Jim was a real railway fan; I was in awe of his knowledge and his passion. His home was crammed with models, books and magazines. His specialities were the Czech railway system, and the railways of the Caribbean - to the extent that he wrote a couple of books on St Kitts and Barbados. He'd just received the proofs for a third book, this time on the Jamaican railway, and was going to be checking them through. He was also a gifted artist, and had begun to sell his paintings; only a couple of weeks ago he put some on display in Northgate Street in Chester. He typically painted railway scenes, great plumes of smoke billowing out over landscapes, beneath Victorian arches, steam and fire and iron.

He was also a fan of this blog, and I think secretly pleased to find another railway geek in his circle (though goodness knows he already knew hundreds - he was nothing if not gregarious). Jim had a massive collection of photographic slides, amassed over the decades, that he was working to transfer to his PC. Among these were a number of shots of Merseyrail stations over the years, and he'd promised to send them to me for the blog when he scanned them in.

I'm writing this not long after finding out about his death, so I'm still a little stunned. The Bf, who had known him for the best part of thirty years, is even more upset. It'll be even harder for his partner Norman, and all my thoughts are with him today. I'll remember Jim for his humour, for his sense of fun, for his wicked, wicked way of talking, When the Bf and I signed our Civil Partnership earlier this year, we did it very quietly, with no guests; but Jim was one of the witnesses, and I was proud to have him there. He was one of a kind.

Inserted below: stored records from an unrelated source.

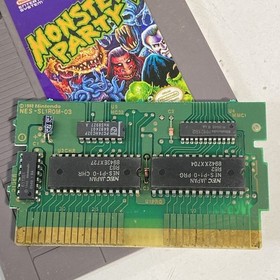 Monster Party Kid Niki - 2 Nintendo NES Game Lot Authentic 1980s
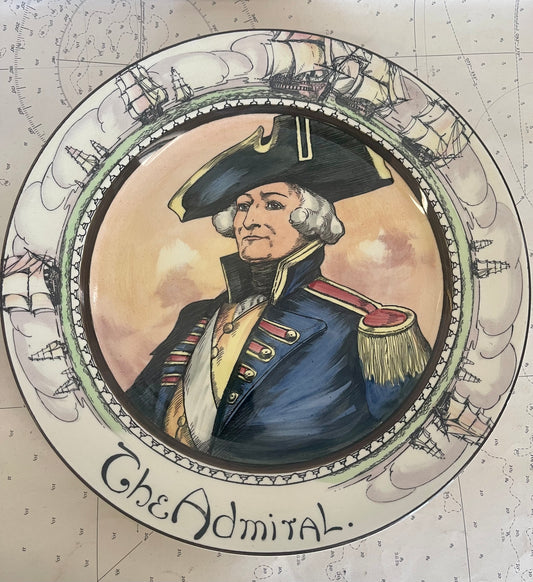 Vintage 1930s Royal Doulton Plate “The Admiral”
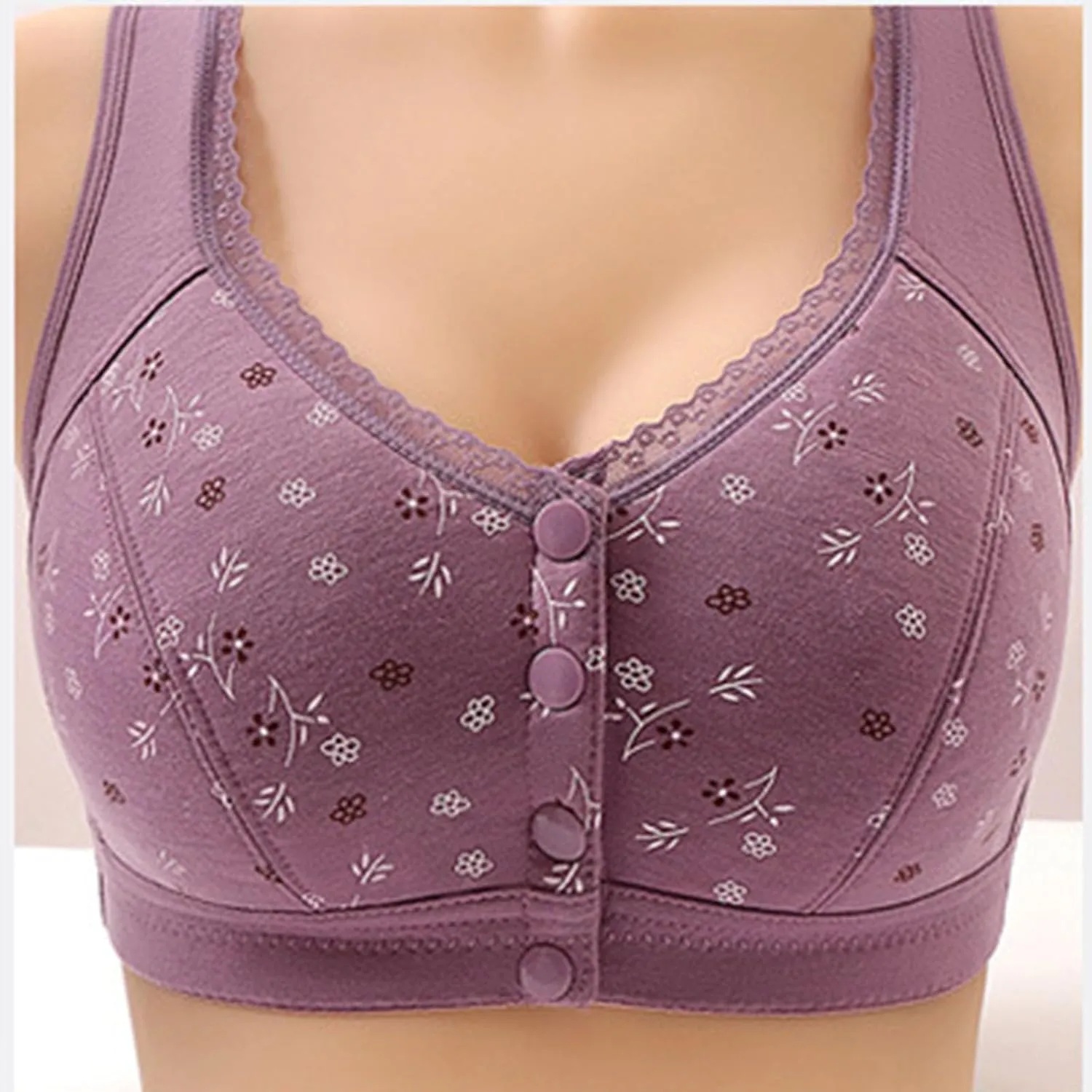 Wireless Bras for Women, Bras for Women No Underwire Full Coverage Women's Bras Push Up Everyday Sleep Bras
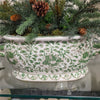 Danny's Fine Porcelain Home Decor Danny's Fine Porcelain Oval Footbath-Green Peony
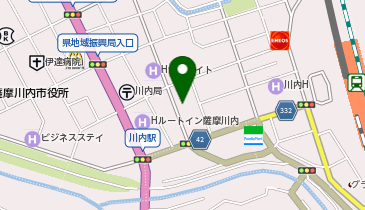 サキナビューティースペース川内の地図画像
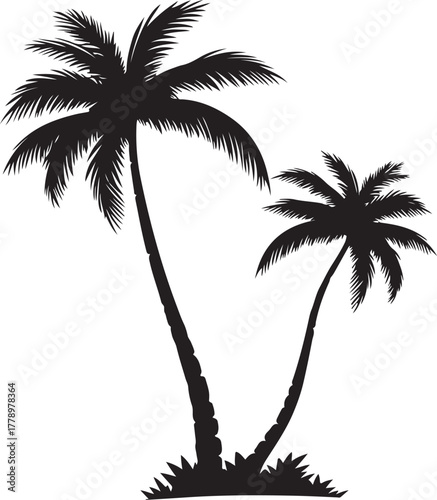 Tropical Palm Tree Silhouette Bundle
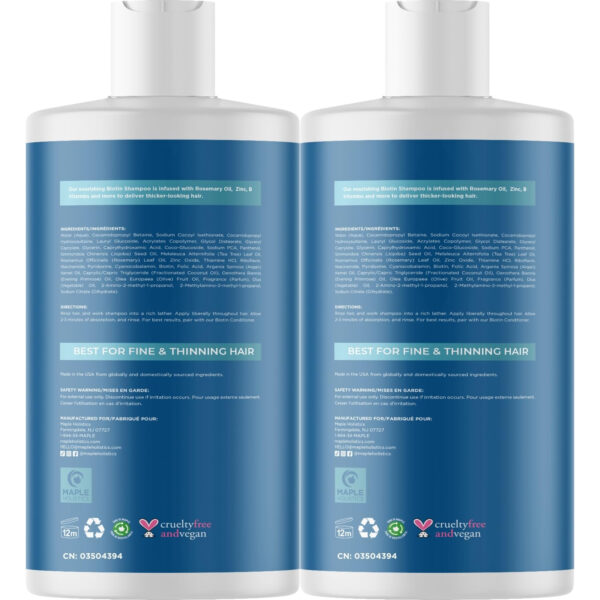 6893185a4071d99cd27b03dc29a400fbd5f117162fd79bd6bd6fb.jpg Volumizing Biotin and Rosemary Shampoo - Vegan Rosemary Biotin Shampoo for Thinning Hair for Women and Men with Nourishing B Vitamins & Tea Tree Oil - Paraben Silicone & Sulfate Free (16 Fl Oz)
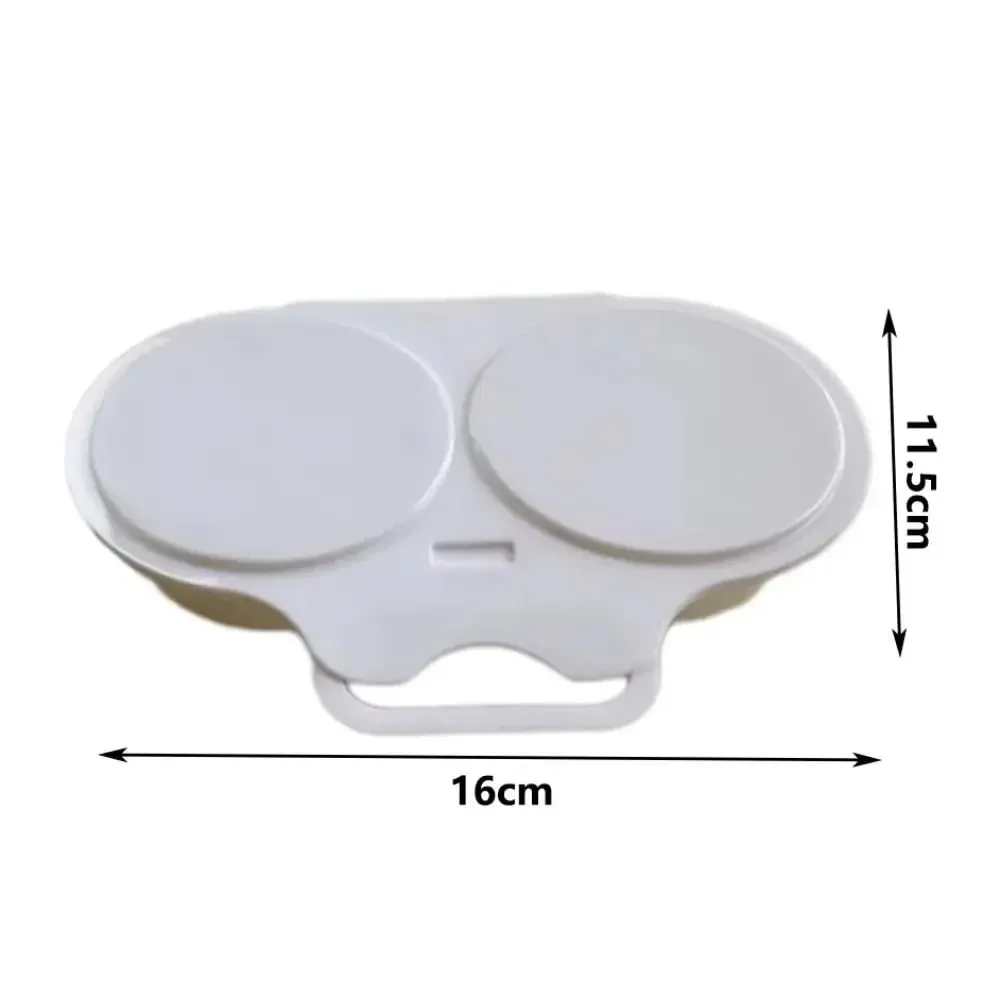 Food Grades Plastic Microwave Egg Cooker Kitchen Cooking Mold Easy To Clean Egg Steamer Portable Heat Resistant Steamed Egg Box — image 7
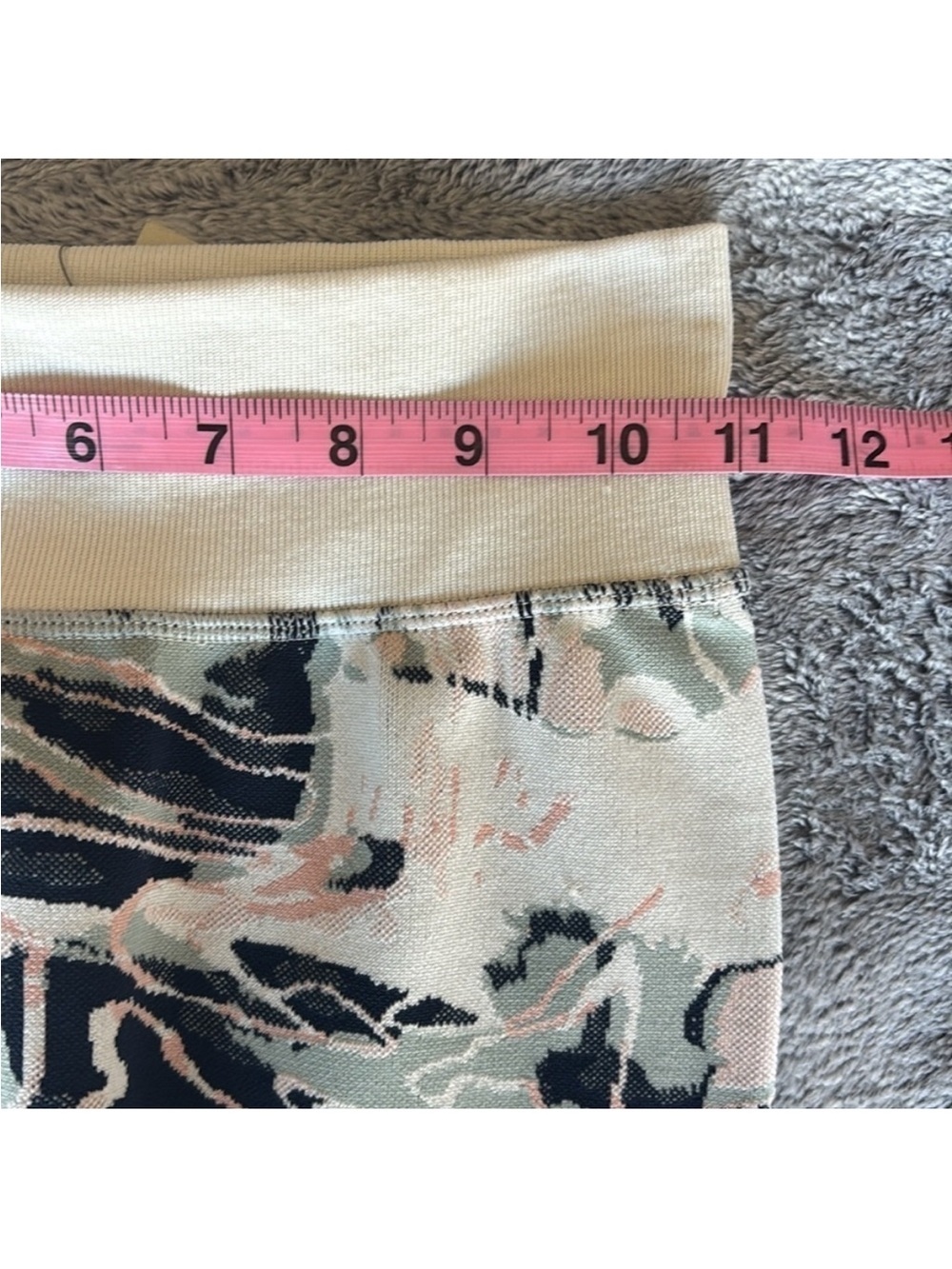 Sweaty Betty Base Layer Leggings in Blue Glacier Jacquard Size Small (6) NWT - Picture 5 of 8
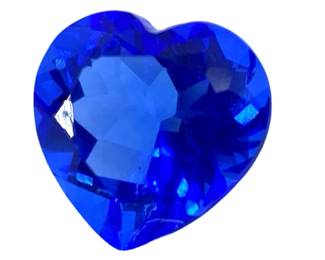 11.85 CT Blue Tanzanite Heart Gem
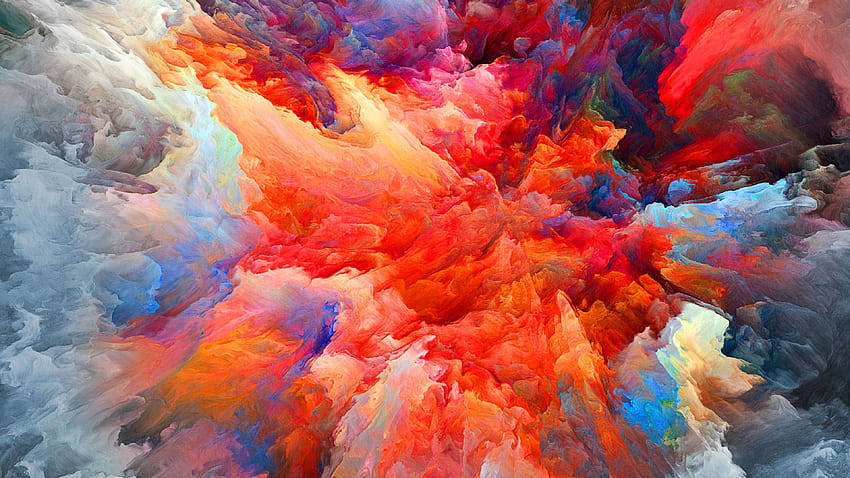 Colorful Blast of Smoke Ultra, abstracto colorido fondo de pantalla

Above: Jim (centre), with his partner Norman on the right and our other witness, John, at our Civil Partnership in June.


Thursday 7 October 2010

Green Shoots

As Jeff Goldblum kept saying in Jurassic Park, nature finds a way. We're metres underground, in the artificially lit, hostile environment of Liverpool Central. Trains are whizzing past every five minutes on electrified tracks. There's hardly any fresh air. But somehow, these plants have managed to find a little dirt, a little water, and have started to grow out of the drainage holes by the track. It's almost inspiring, even if it does raise troubling questions about the maintenance regime.

(Also, has the Doctor dropped his sonic screwdriver under the tracks, or what?)